One of the biggest and finest buildings in Uchiko is the Kamihaga Residence, the former home and workshop of the Kamihaga family.

Kamihaga Residence

Today, Uchiko is a small, inconspicuous town in a valley between towering mountains. But in its day, Uchiko was known in the civilized world for its pure white candles, as exhibited at the Paris Expo of 1900.

One of the biggest and finest buildings in Uchiko is the Kamihaga Residence, the former home and workshop of the Kamihaga family. This family grew phenomenally rich in the Meiji period from the production of wax, and they flaunted their wealth conspicuously. You can learn all about their wax and its manufacture in the museum here.
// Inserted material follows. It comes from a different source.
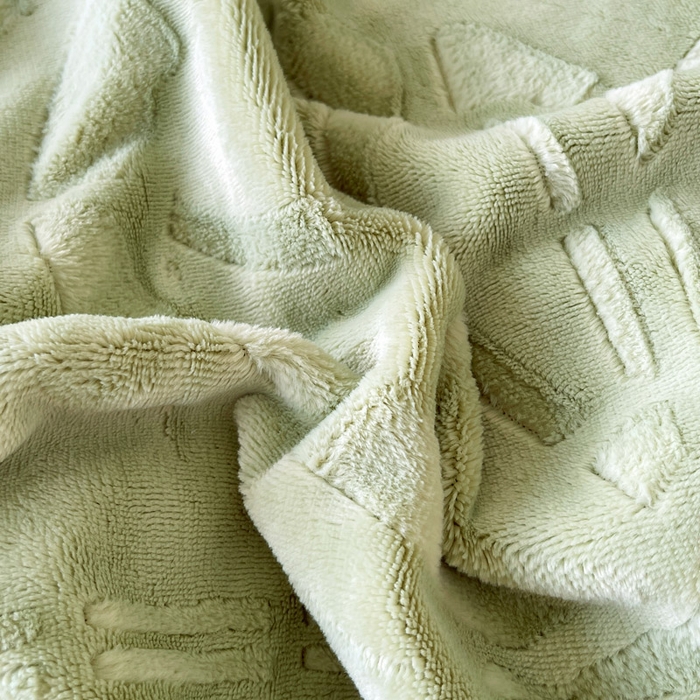 91家纺网 家纺一手货源 找家纺 （总）锦彩家居 2025新款高克重牛奶绒雕花四件套-蝶梦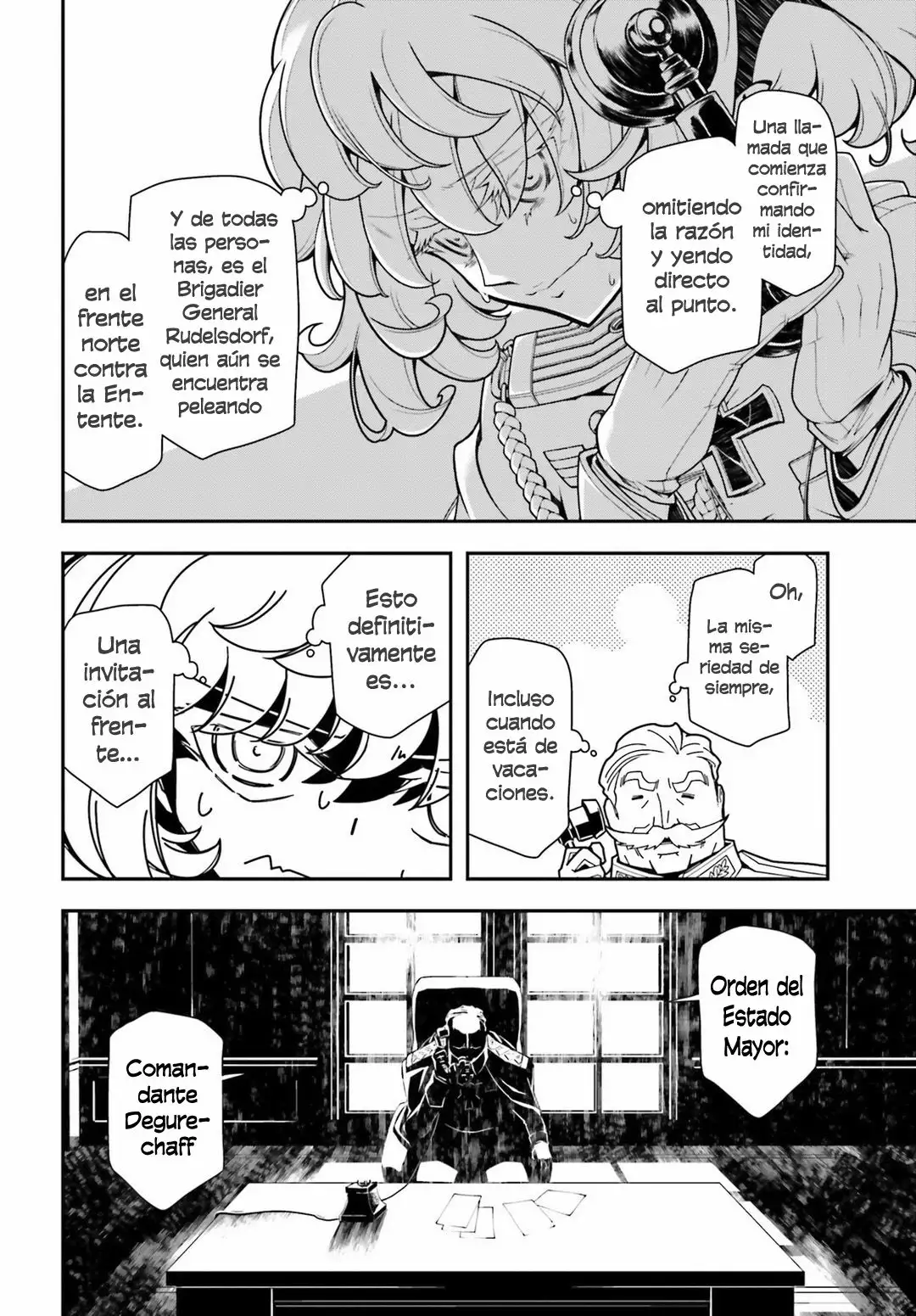 Youjo Senki Capítulo 23 - Página 37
Kamihaga_Residence_Uchiko_flowers_and_kimono

Wax used to be made from the berry of a tree that grows in Ehime. Local farmers would be paid a pittance to collect these berries, while a few families made fortunes processing and selling the wax. In Uchiko, a method was developed for producing a unique white wax. Candles made from it were smokeless, windproof, and lasted for an extraordinarily long time. They were the LEDs of their day. After exhibiting their candles at the 1900 Paris Expo, the Kamihagas exported them to Europe and America.

The Kamihaga Residence is a wonderful confection of enormous wooden beams, roofed in weathered gray tiles, and plastered extravagantly in creamy yellow and white. While samurai took pride in their perfectly white plastered houses, merchants rejoiced in yellow, and it presents a fine sight.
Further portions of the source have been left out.